-------- Input data --------
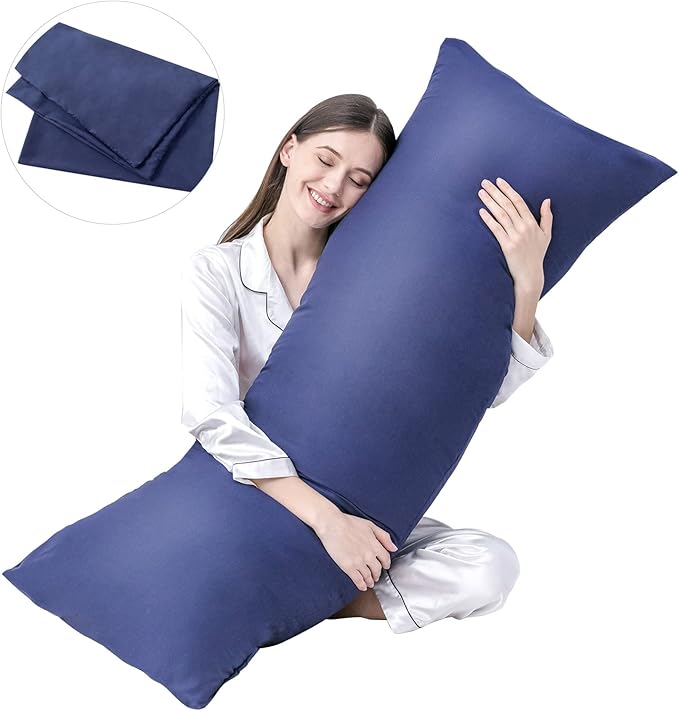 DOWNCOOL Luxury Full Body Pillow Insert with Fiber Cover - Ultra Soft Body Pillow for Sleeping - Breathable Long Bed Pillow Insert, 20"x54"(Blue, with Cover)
--------
-------- Input data --------
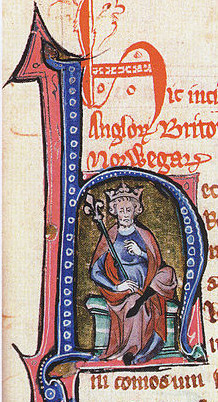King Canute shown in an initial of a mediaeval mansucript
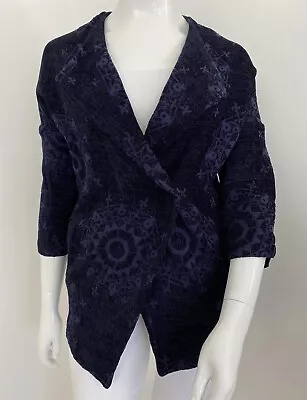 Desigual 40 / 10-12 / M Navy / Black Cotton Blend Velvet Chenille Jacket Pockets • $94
--------
▸ What is needed
The answer is those lines of the material above that run from the one containing "King Canute shown" up to and including the one containing "Desigual 40 /", restated exactly and without images.

▸ Worked solution
King Canute shown in an initial of a mediaeval mansucript
 Desigual 40 / 10-12 / M Navy / Black Cotton Blend Velvet Chenille Jacket Pockets • $94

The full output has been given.